(Source records):
--- START ---

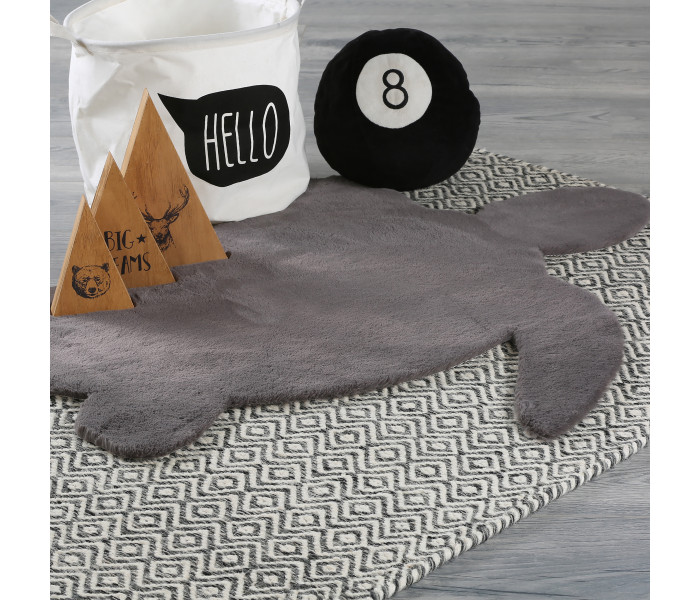 Obsession Luna szőnyeg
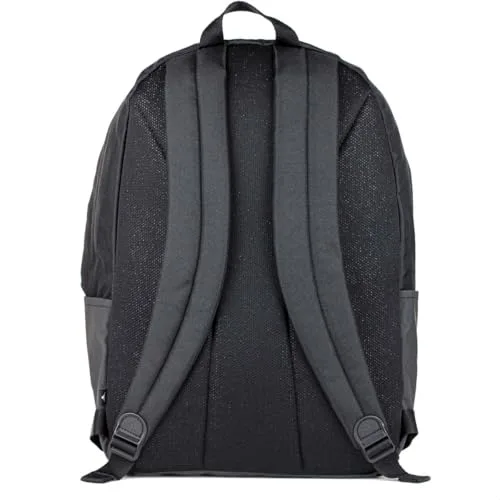 adidas ▫️ Mochila Unissexo para Adulto Classic Three Stripes Back To School, Preto/Branco, Tamanho Único 4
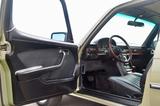 Mercedes-Benz 450 SEL 6.9 Leder Klima Tempomat Note 2 Historie - gebrauchte Mercedes-Benz 450 aus dem Jahr 1978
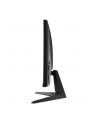 asus Monitor 27 cali TUF Gaming VG27AQA1A - nr 42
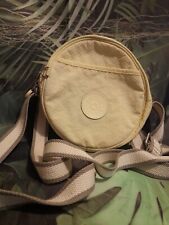 Kipling live light for sale  LONDON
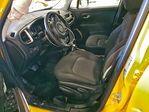 Jeep Renegade 2017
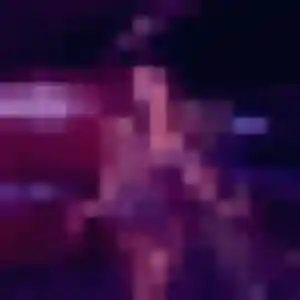 Albertine, 38 ans, cherche un plan cul à Bagnols-sur-Cèze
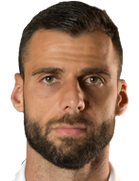 İvaylo Dimitrov kimdir, nereli, kaç yaşında? 2023 İvaylo Dimitrov Piyasa değeri ne kadar, Hangi takımlarda oynadı?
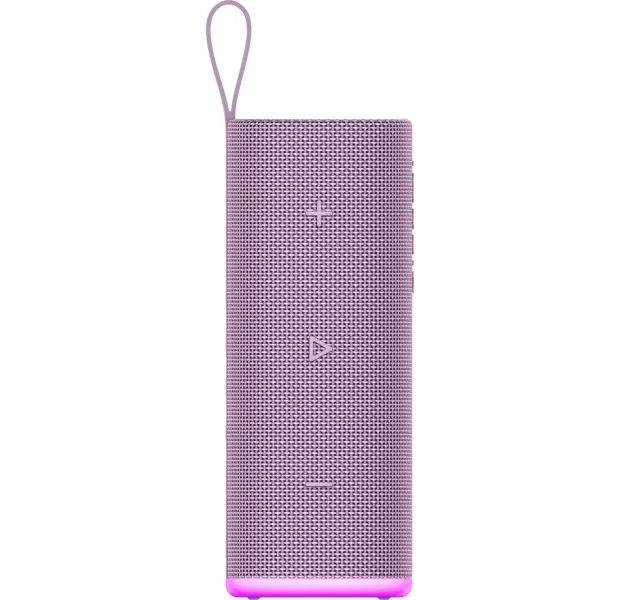 Xiaomi Sound Play Bluetooth Speaker Purple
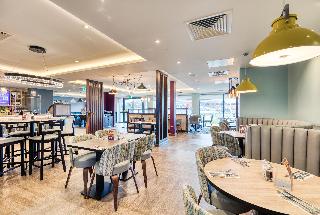Premier Inn Faversham fotoÄŸrafÄ±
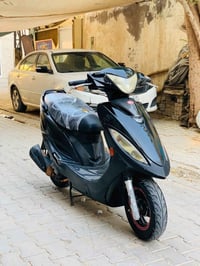 كامكو جي فور • نضافه • نعومه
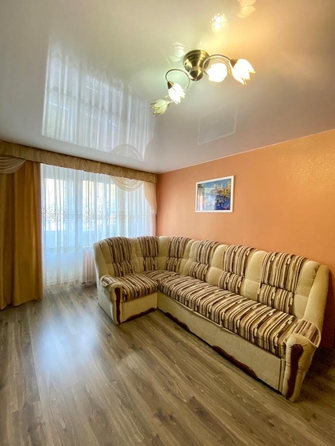 
   Продам 2-комнатную, 53 м², Некрасова ул, 114

. Фото 3.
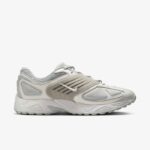 Nike Air Pegasus Wave side view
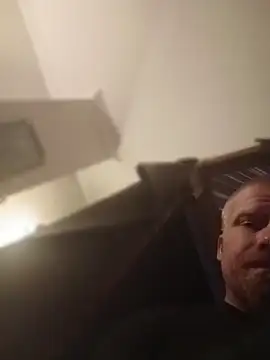 cockycummer webcam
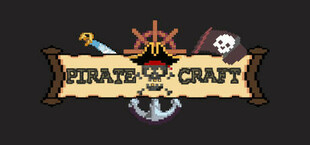 PIRATECRAFT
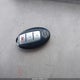 JN8AS58V98W115723 2008 Nissan Rogue Sl auction photo thumbnail 11
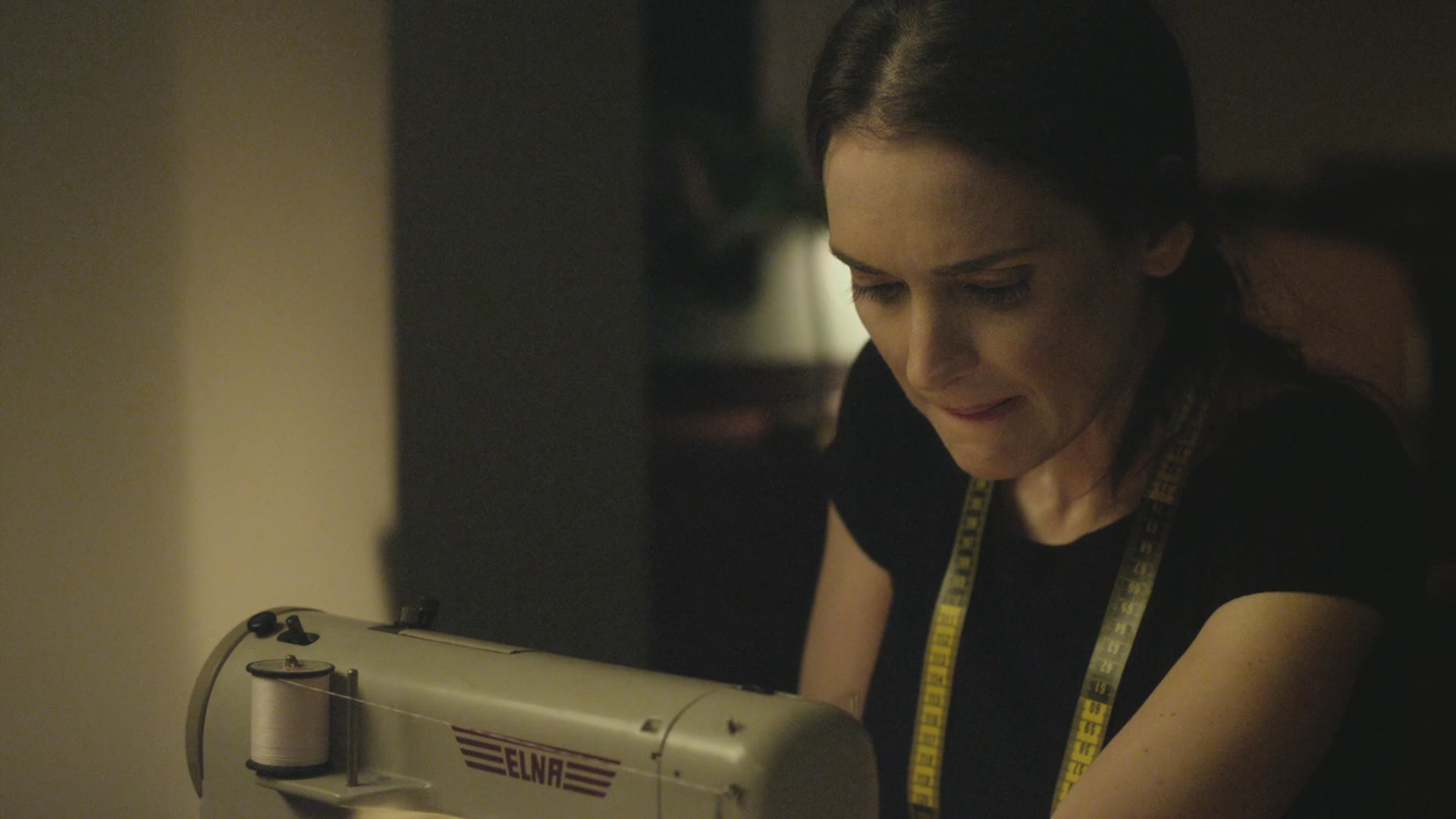 screencaptures_377.jpg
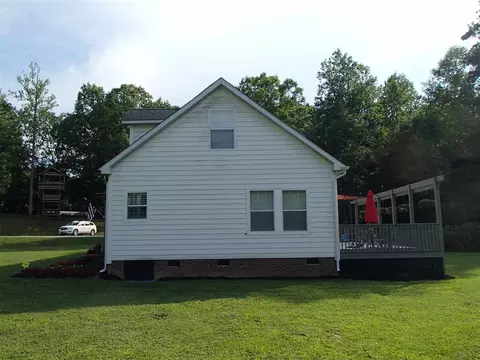 544 Loop Rd, Clayton, NC 27527 photo 4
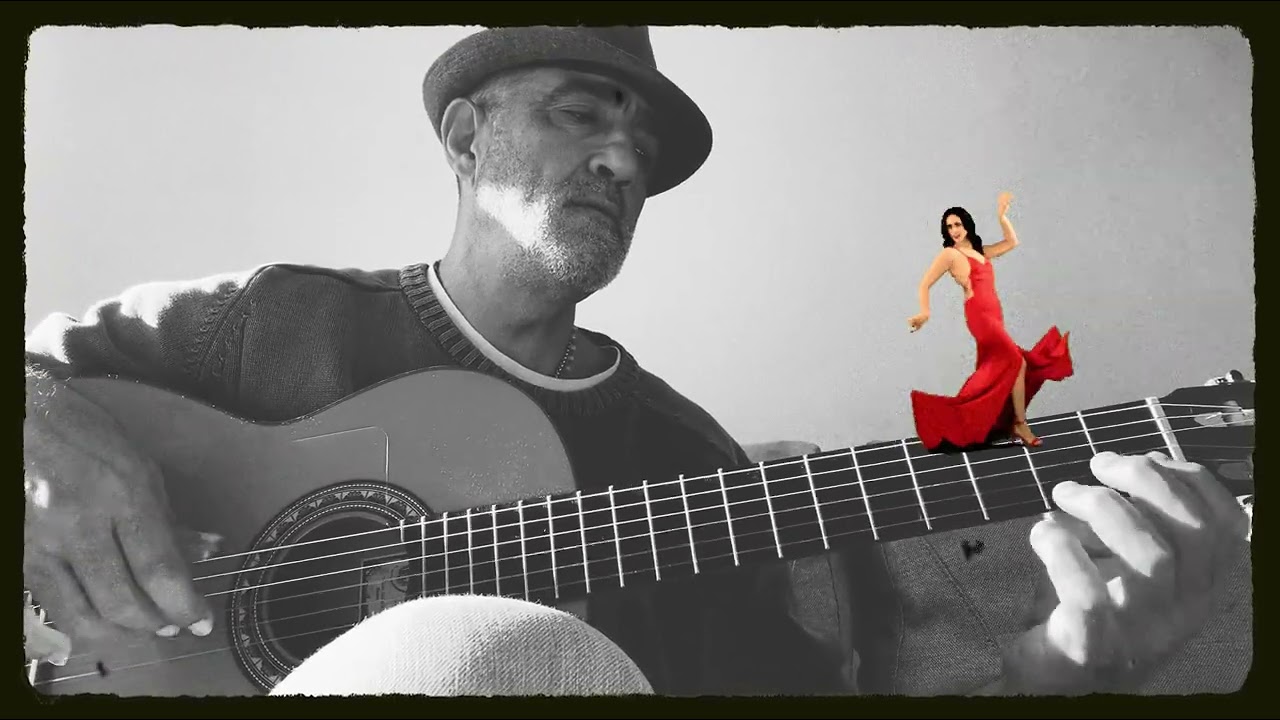 PARA LA COMUNIDAD FLAMENCA🥇Y TODOS/AS MIS SUSCRIPTORES/AS!!! DE RUPEMO bpm🔥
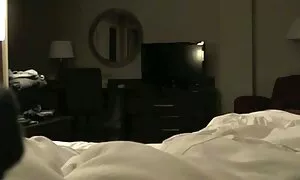 Tyttö, kaunis ja nuorta pillua elokuva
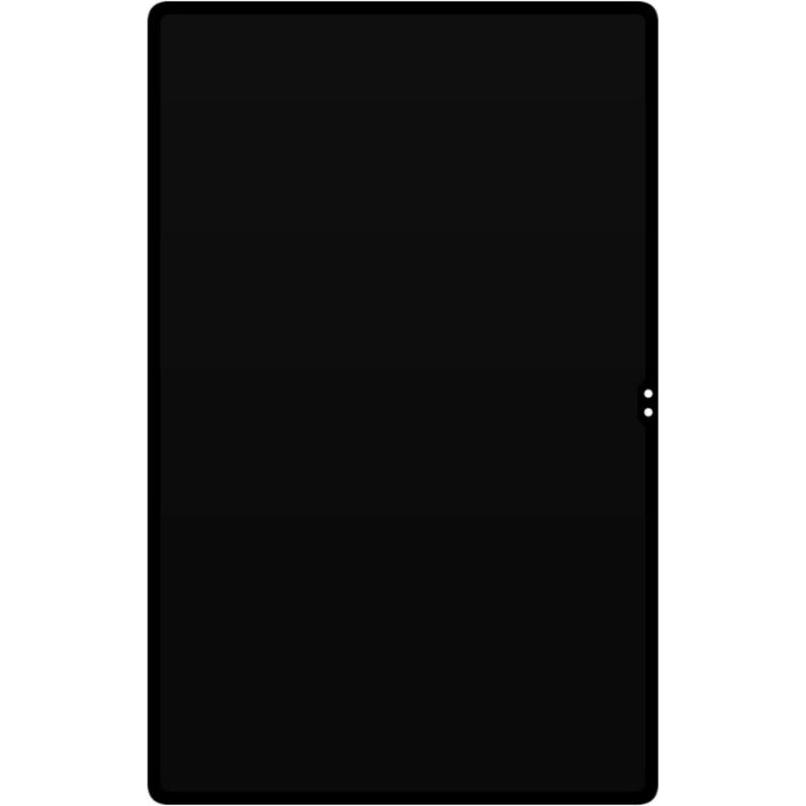 Samsung Display SM-X920/X926 Galaxy Tab S10 Ultra (Wi-Fi/5G) GH82-35939A (Display, Galaxy Tab S10 Ul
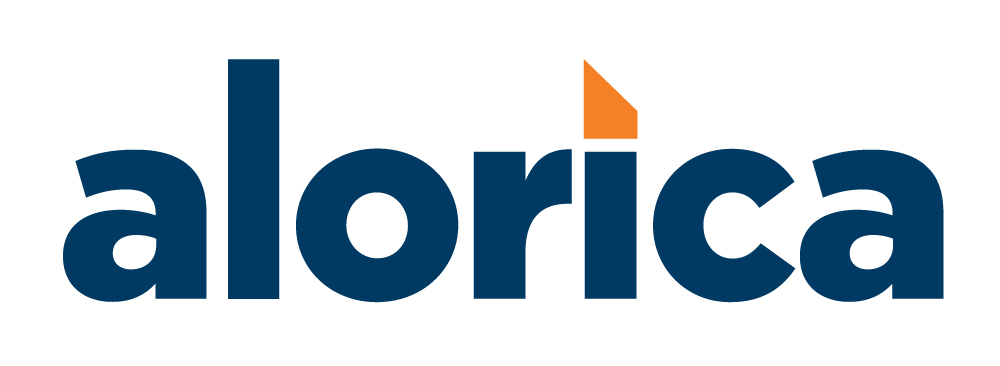 alorica_logo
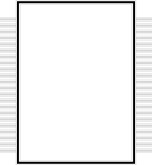 Line Borders, Borders of Lines, Lines Clipart - The printable ...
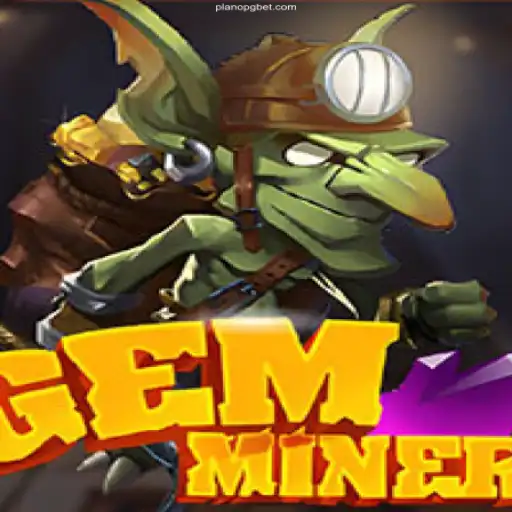 Exploring the World of GemMiner: A Premium Online Casino Experience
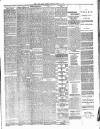 Northern Scot and Moray & Nairn Express Saturday 13 March 1886 Page 7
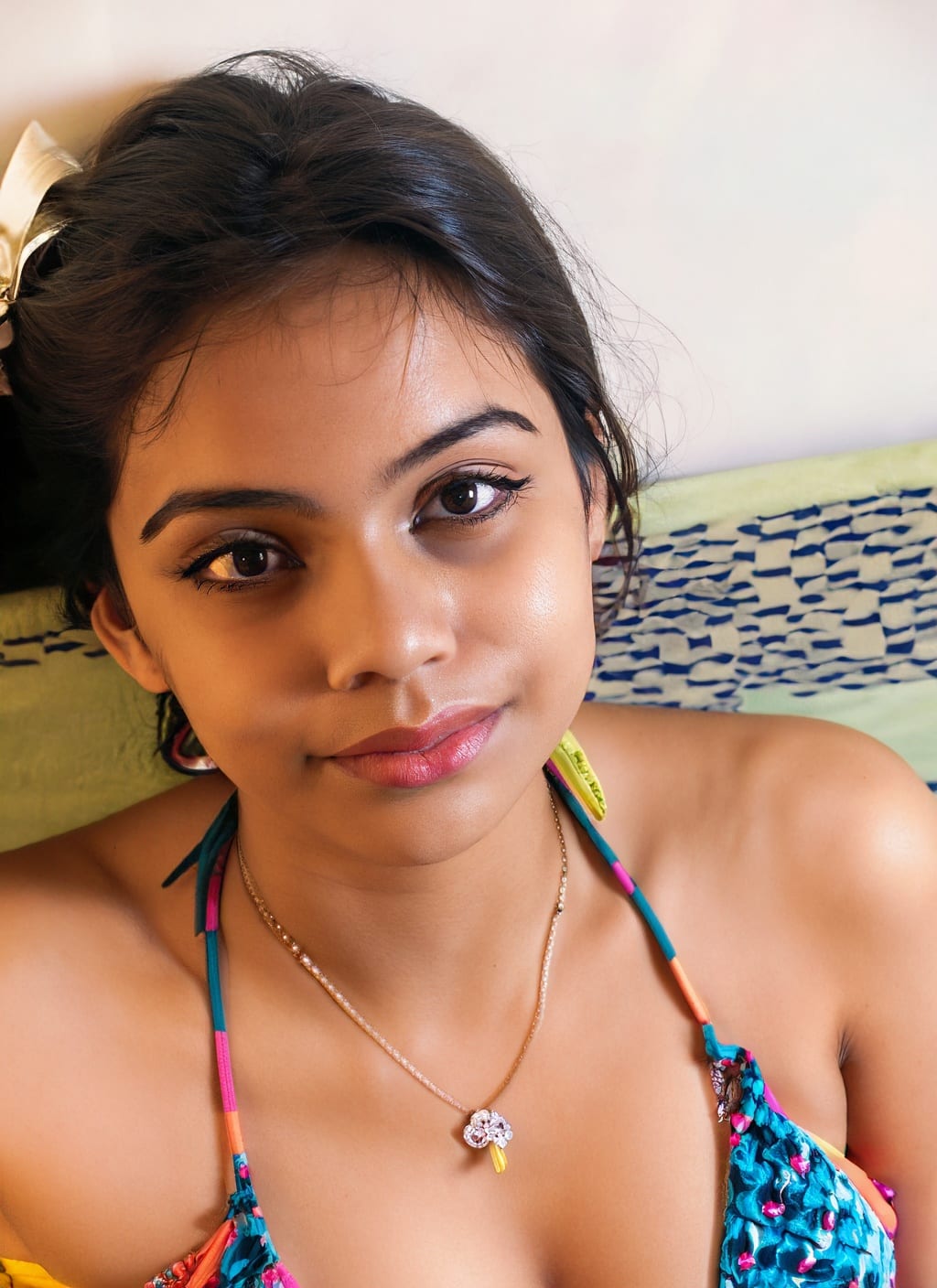 Sexy and hot call Girls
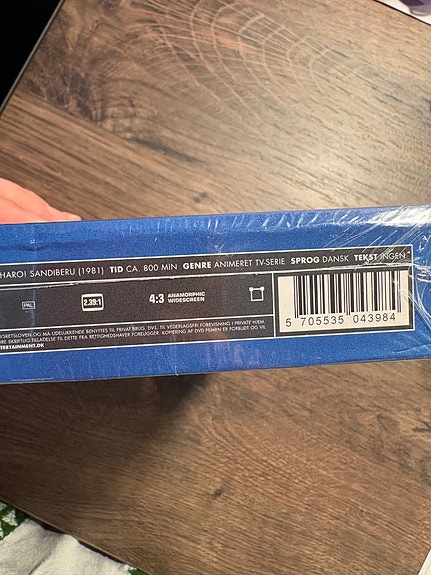 Product image 6 of 6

--- END ---

(Task goal): Reproduce the whole of the data, word for word, and omit its pictures.

(Solution):
 Obsession Luna szőnyeg
 adidas ▫️ Mochila Unissexo para Adulto Classic Three Stripes Back To School, Preto/Branco, Tamanho Único 4
 Mercedes-Benz 450 SEL 6.9 Leder Klima Tempomat Note 2 Historie - gebrauchte Mercedes-Benz 450 aus dem Jahr 1978
 asus Monitor 27 cali TUF Gaming VG27AQA1A - nr 42
 Kipling live light for sale  LONDON
 Jeep Renegade 2017
 Albertine, 38 ans, cherche un plan cul à Bagnols-sur-Cèze
 İvaylo Dimitrov kimdir, nereli, kaç yaşında? 2023 İvaylo Dimitrov Piyasa değeri ne kadar, Hangi takımlarda oynadı?
 Xiaomi Sound Play Bluetooth Speaker Purple
Premier Inn Faversham fotoÄŸrafÄ±
 كامكو جي فور • نضافه • نعومه
   Продам 2-комнатную, 53 м², Некрасова ул, 114

. Фото 3.
 Nike Air Pegasus Wave side view
 cockycummer webcam
 PIRATECRAFT
 JN8AS58V98W115723 2008 Nissan Rogue Sl auction photo thumbnail 11
 screencaptures_377.jpg
 544 Loop Rd, Clayton, NC 27527 photo 4
 PARA LA COMUNIDAD FLAMENCA🥇Y TODOS/AS MIS SUSCRIPTORES/AS!!! DE RUPEMO bpm🔥
 Tyttö, kaunis ja nuorta pillua elokuva
 Samsung Display SM-X920/X926 Galaxy Tab S10 Ultra (Wi-Fi/5G) GH82-35939A (Display, Galaxy Tab S10 Ul
 alorica_logo
 Line Borders, Borders of Lines, Lines Clipart - The printable ...
 Exploring the World of GemMiner: A Premium Online Casino Experience
 Northern Scot and Moray & Nairn Express Saturday 13 March 1886 Page 7
 Sexy and hot call Girls
 Product image 6 of 6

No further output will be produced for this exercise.